In the Question and Answer afterward, one pastor after another rose and criticized Wallis’ speech. Pastors accused him of looking at the world in a naïve way or that he wasn’t telling the whole truth. One questioner even implied that Wallis had made up the stories that he had told.
One of the pastors spoke to Rev. Wallis on the way out, embarrassedly apologized, “I was appalled by the pastors’ reactions.”
“I wasn’t,” Wallis replied. “That’s always the reaction I get from pastors. They just cannot believe that God wins. They are scared to death that all this stuff about the Holy Spirit renewing the face of the earth, just might be true.”

#1—First time I heard this story, I clicked my tongue at those unbelieving pastors. Felt superior. “I would never act like that.”
But upon reflection, isn’t it really much easier to describe failure, death, doubt and decline, than it is to describe the working of the Holy Spirit?
Even for us Christians, who live by this book, the Bible, stammer and stumble over descriptions of the Holy Spirit. If you doubt me, try thinking real quick of one sentence that describes the Holy Spirit—got it? Even Luke in the book of Acts strains to describe the Holy Spirit in words.

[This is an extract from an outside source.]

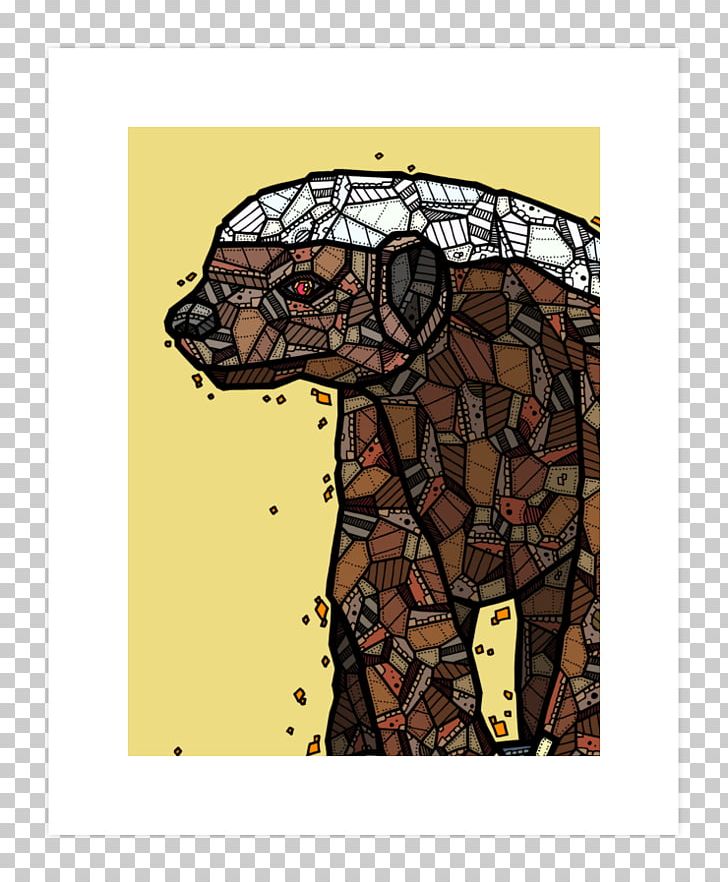 Mammal Illustration Poster Animated Cartoon Character PNG, Clipart, Abstract, Animated Cartoon, Art, Art Print, Badger Free PNG Download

Look at the way Luke describes the event of Pentecost in Acts 2, the actual event itself is very short only three verses (!). 2 And suddenly from heaven there came a sound like the rush of a violent wind, and it filled the entire house where they were sitting. 3 Divided tongues, as of fire, appeared among them, and a tongue rested on each of them. Luke is straining to write down in words something that is a miracle, impossible to write down.

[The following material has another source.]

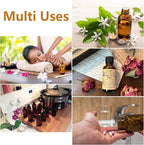 12 Pack 2oz Amber Glass Bottles for Vanilla Extract, Boston Round Leak-Proof Brown Glass Jars with Caps, Bonus Funnel - Ideal for Homemade Extracts, Essential Oils, DIY Christmas Party Gift Supplies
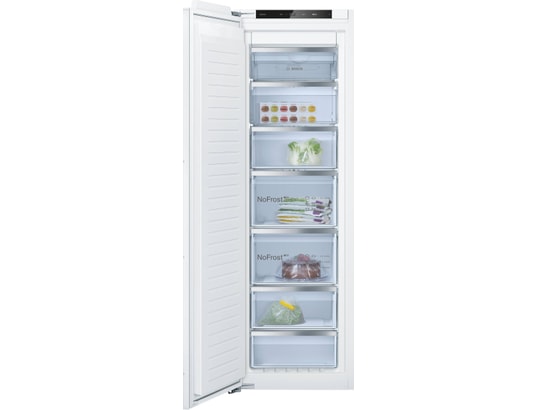 BOSCH - Congélateur encastrable armoire GIN81VEE0, Série 4, NoFrost, pantographes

Miracles are hard.     Yet, failure, death, doubt, that’s easy. We can handle that more easily than the Holy Spirit. The newspaper is full of stories about failures, about the most recent political scandals, about deaths and disappointments. And personally, too, we’ve all experienced doubt, anger, frustration, hurt—we’ve not all experienced the power, the miraculous power of the Holy Spirit.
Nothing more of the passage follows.